_THE DATA:_
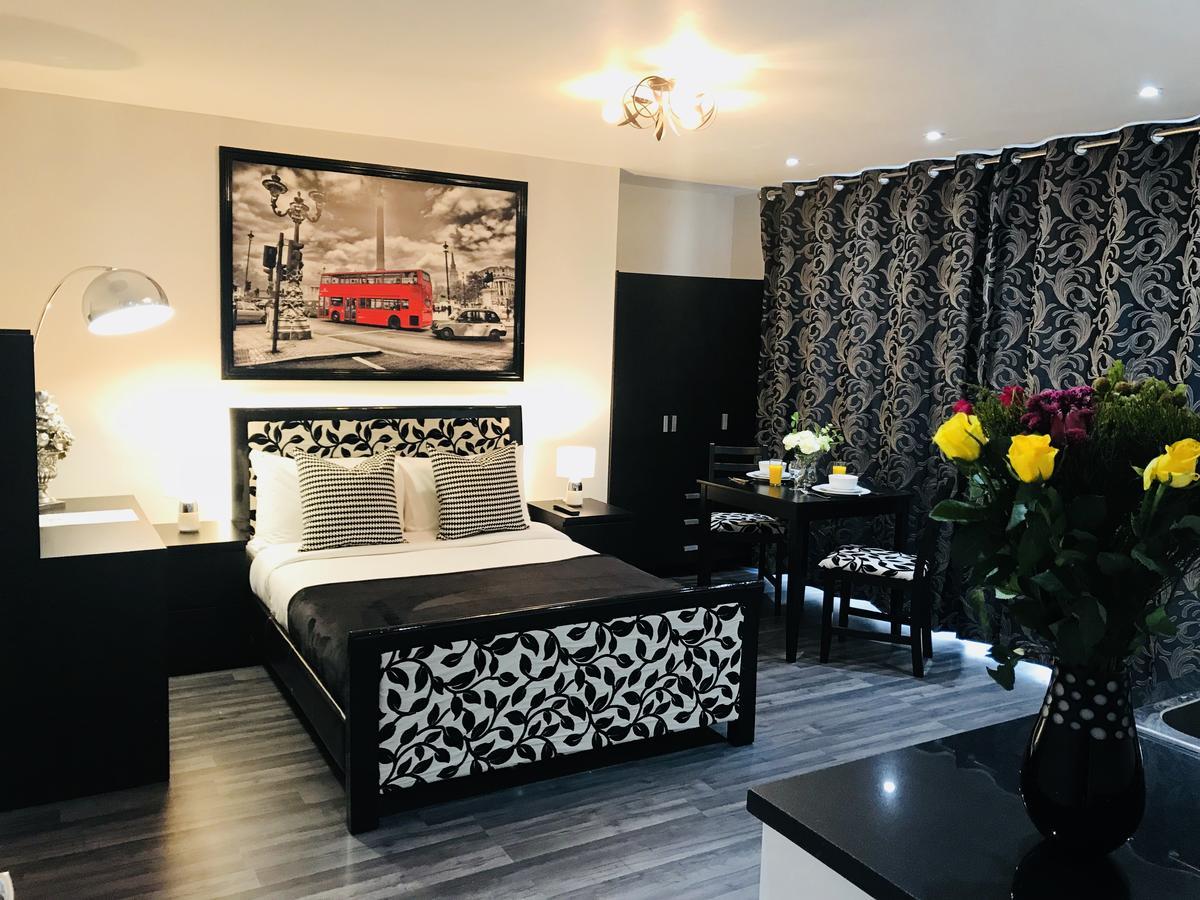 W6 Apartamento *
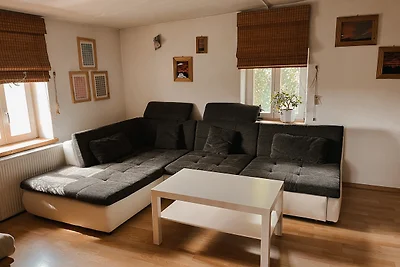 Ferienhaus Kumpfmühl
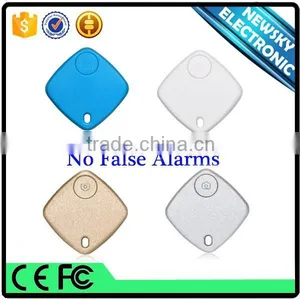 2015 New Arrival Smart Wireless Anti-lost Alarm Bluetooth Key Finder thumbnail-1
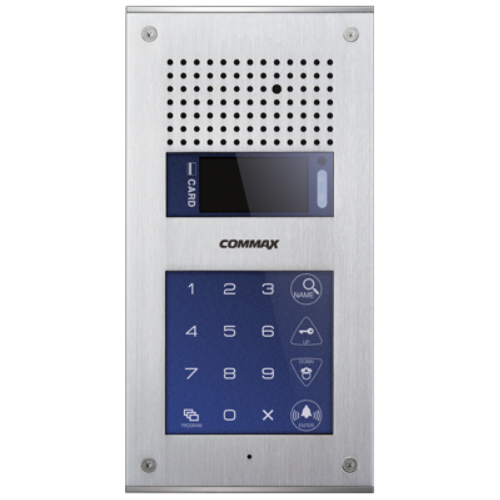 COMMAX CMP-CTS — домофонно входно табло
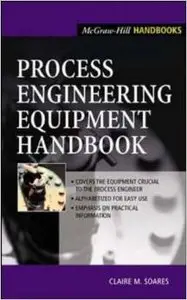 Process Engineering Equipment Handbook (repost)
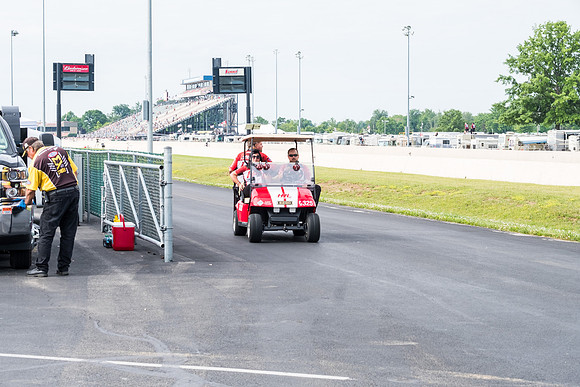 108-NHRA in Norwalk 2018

==

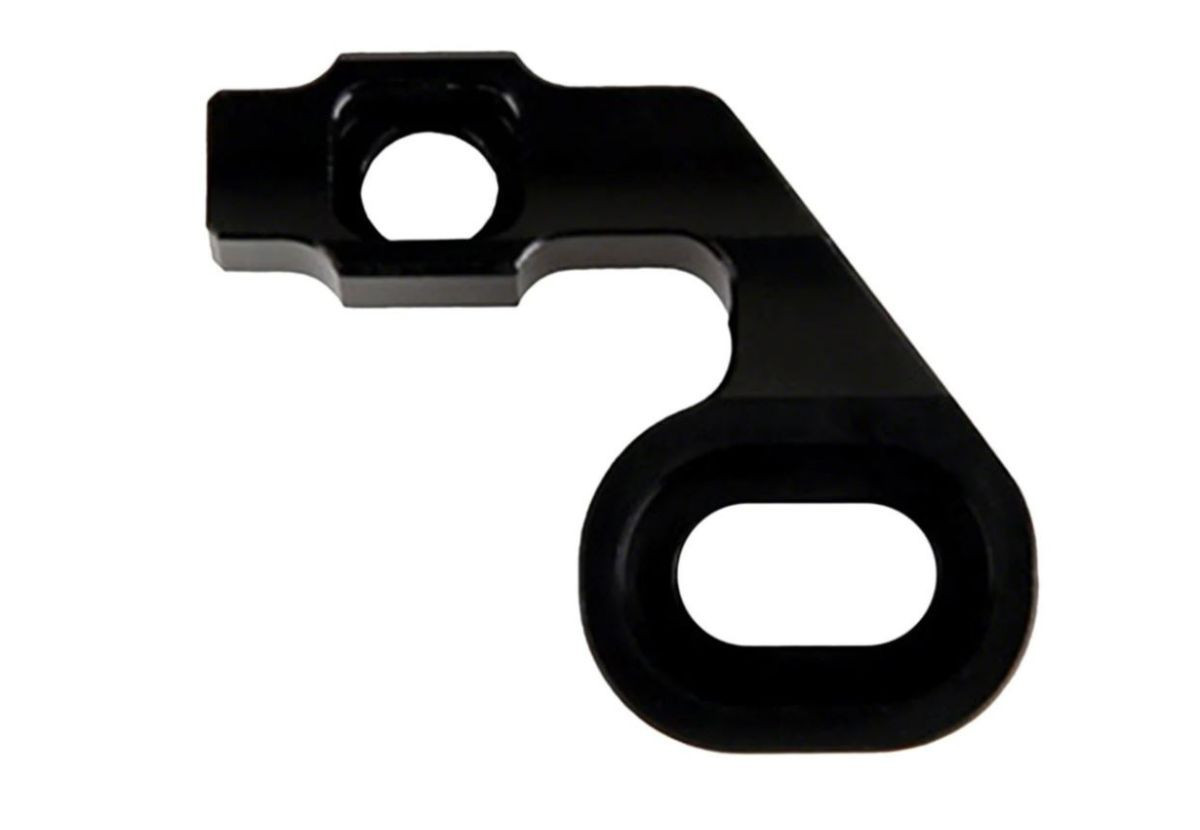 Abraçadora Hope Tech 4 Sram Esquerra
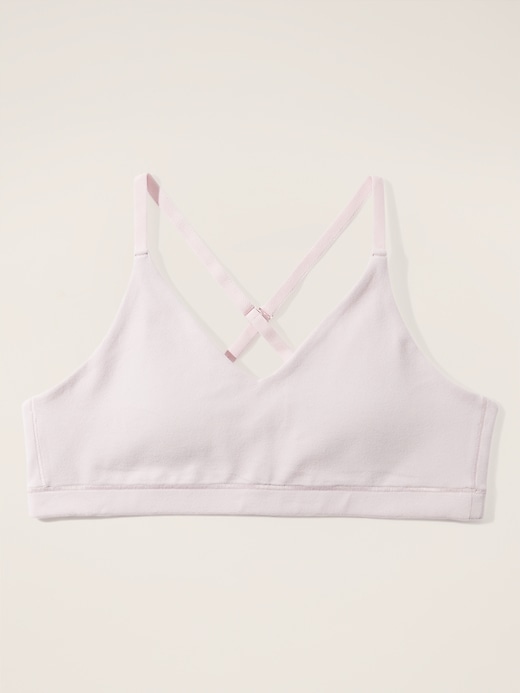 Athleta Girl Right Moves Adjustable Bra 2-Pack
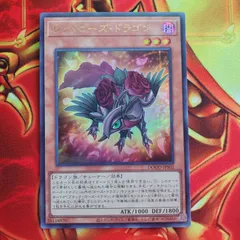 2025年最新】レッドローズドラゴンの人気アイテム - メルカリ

_TASK DESCRIPTION:_
Go back to the listing above and reproduce, exactly, the stretch from the line bearing "W6 Apartamento *" through the line bearing "108-NHRA in Norwalk 2018", without its pictures.

_ANSWER TO THIS PROBLEM:_
 W6 Apartamento *
 Ferienhaus Kumpfmühl
 2015 New Arrival Smart Wireless Anti-lost Alarm Bluetooth Key Finder thumbnail-1
 COMMAX CMP-CTS — домофонно входно табло
 Process Engineering Equipment Handbook (repost)
 108-NHRA in Norwalk 2018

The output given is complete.